Removed from the script’s flaws, Pugh’s performance is undeniably evocative. Her ethereal looks aside there’s a fire and tenacity to her performance that combines the determination of Shakespeare’s Lady Macbeth with the girlish giddiness of Wuthering Heights’ Catherine. Pugh runs a gamut of emotions, from coldly eating breakfast as a man dies in the next room to being a mother figure to a little boy. As her relationship with Sebastian intensifies the comparisons to Emily Bronte’s novel become more poignant, with Pugh and Jarvis canoodling on the moors – though, interestingly enough, Pugh’s Katherine dictates the terms of their undying love. Her final reveal at the end is a master class of fear and trembling.

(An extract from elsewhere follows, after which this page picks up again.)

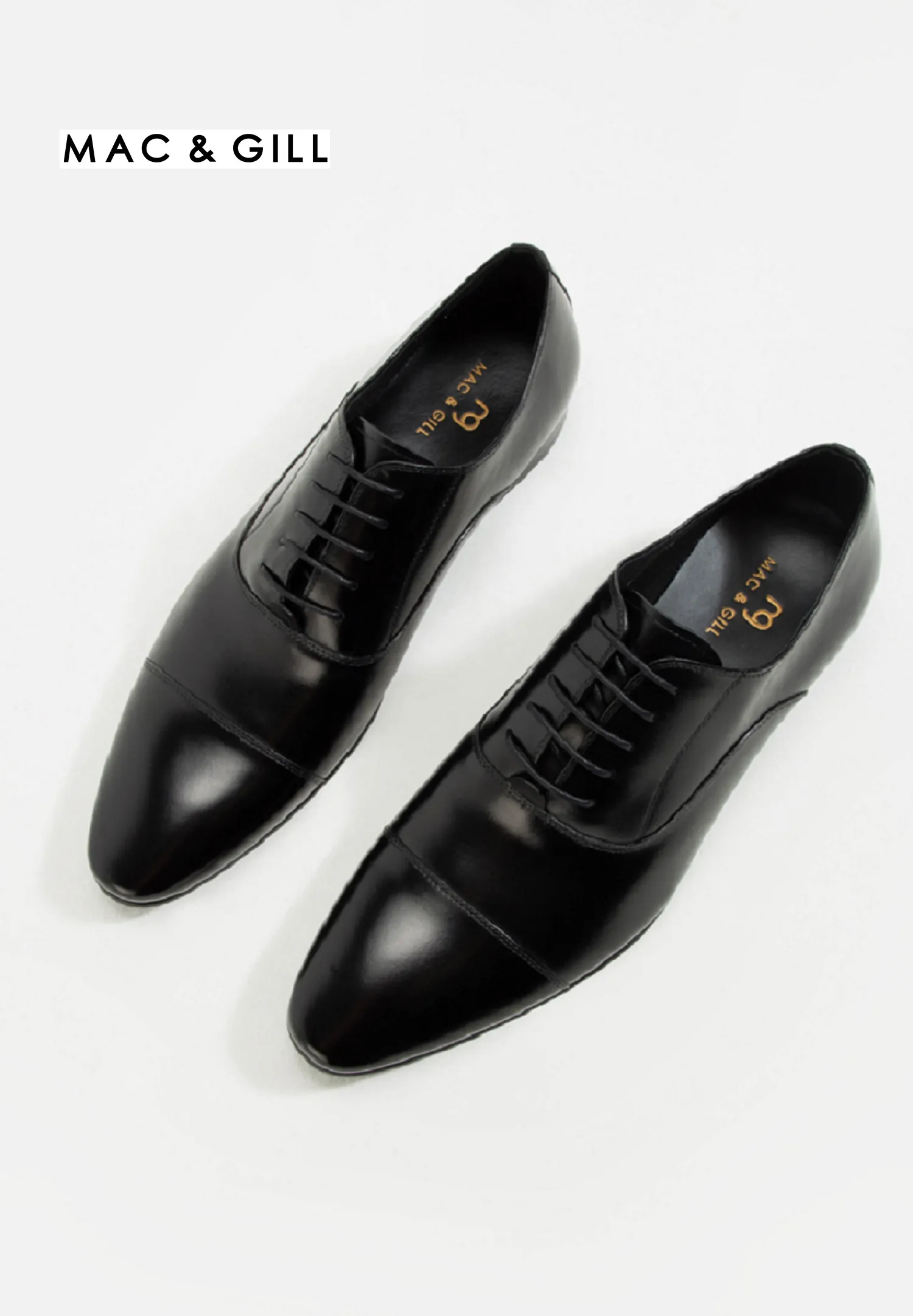 Midtown Oxford Leather Captoe Derby Shoes in Black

Nearly overshadowing Pugh is Ackie’s performance as Katherine’s maid Anna. Lady Macbeth actually manages to infuse a look at how race and gender interact, particularly in a period drama. Katherine, despite her lack of freedom in her marriage, still benefits from being a white woman in comparison to Anna. Through Ackie’s expressions, the things she says (and often doesn’t say), convey the terror and ultimately anguish of being a black woman, specifically, during the era. (Unfortunately quotes from the cast and director haven’t been too progressive in explaining this element.) It’s not surprising that the females get the meat of the movie’s best moments. Jarvis is good-looking and is worthy of being a love interest, but his character is too problematic to swoon over. A third act change of heart also feels like an attempt to soften him. Hilton is sufficiently disturbing as the man of the house. Unfortunately he disappears right away and leaves little impact overall.

Lady Macbeth is an acquired taste, but once you get it there’s no denying you want more. Florence Pugh and Naomi Ackie are worth watching alone. It’s unfortunate that the script often leaves too much unsaid.